▶ [What the task requires]:
Each line from the one containing "Quintino Futebol Pub" through the last line of the records is to be repeated exactly, with all pictures left out.

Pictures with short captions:
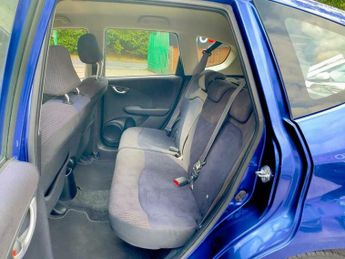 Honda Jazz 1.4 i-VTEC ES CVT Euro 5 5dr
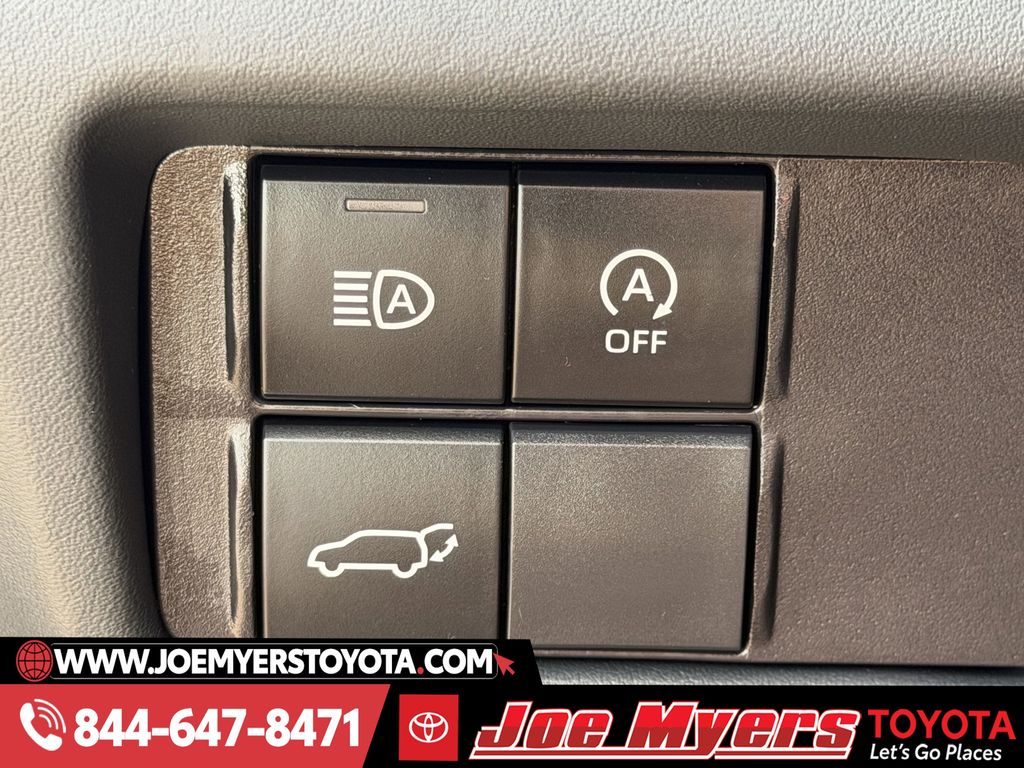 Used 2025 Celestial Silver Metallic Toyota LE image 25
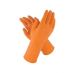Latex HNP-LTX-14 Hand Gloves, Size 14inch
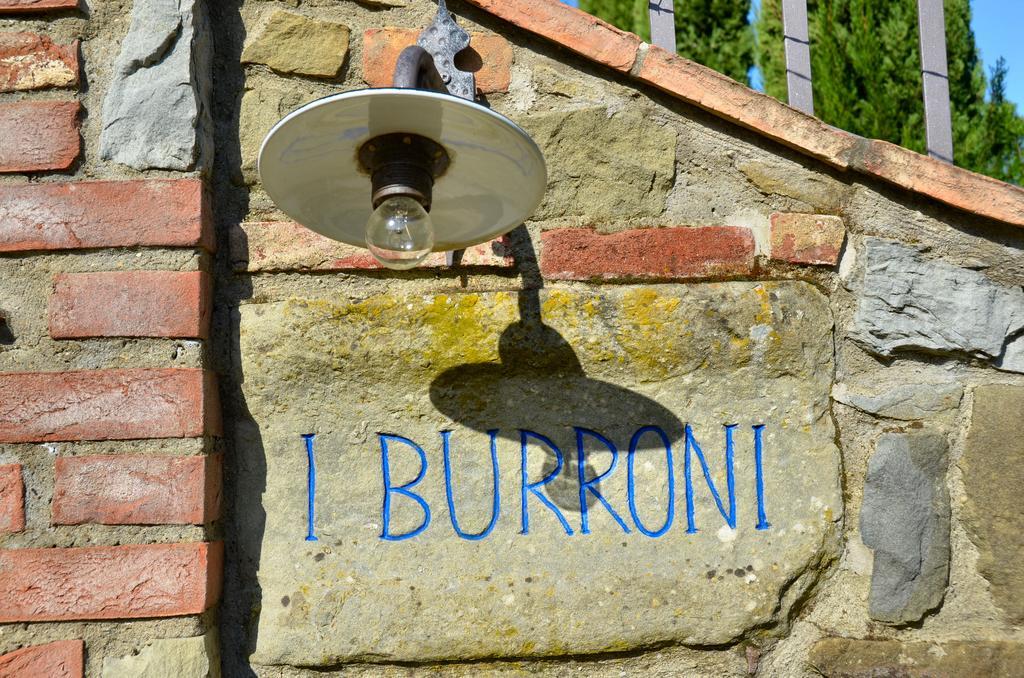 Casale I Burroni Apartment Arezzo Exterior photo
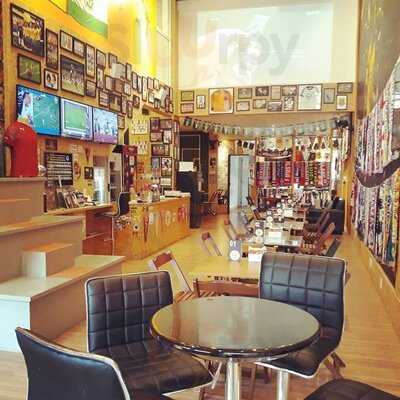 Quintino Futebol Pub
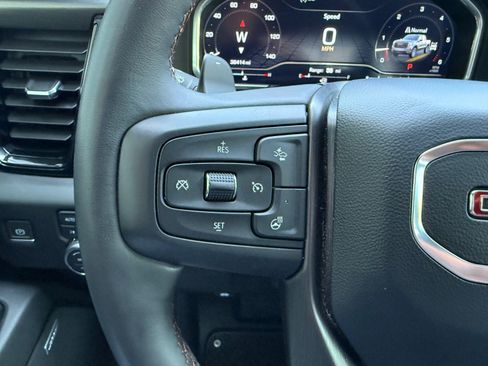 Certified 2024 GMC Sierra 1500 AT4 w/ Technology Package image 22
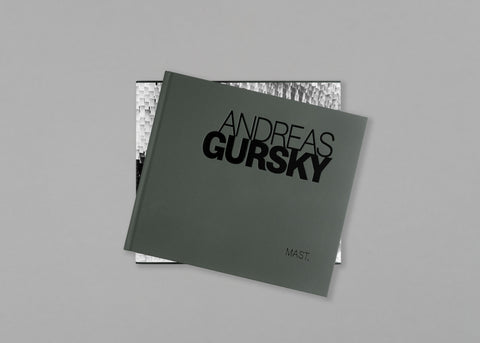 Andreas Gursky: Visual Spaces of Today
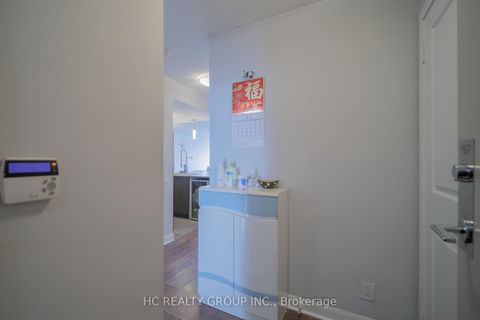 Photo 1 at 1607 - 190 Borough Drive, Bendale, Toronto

▶ [Output for this exercise]:
 Quintino Futebol Pub
 Certified 2024 GMC Sierra 1500 AT4 w/ Technology Package image 22
 Andreas Gursky: Visual Spaces of Today
 Photo 1 at 1607 - 190 Borough Drive, Bendale, Toronto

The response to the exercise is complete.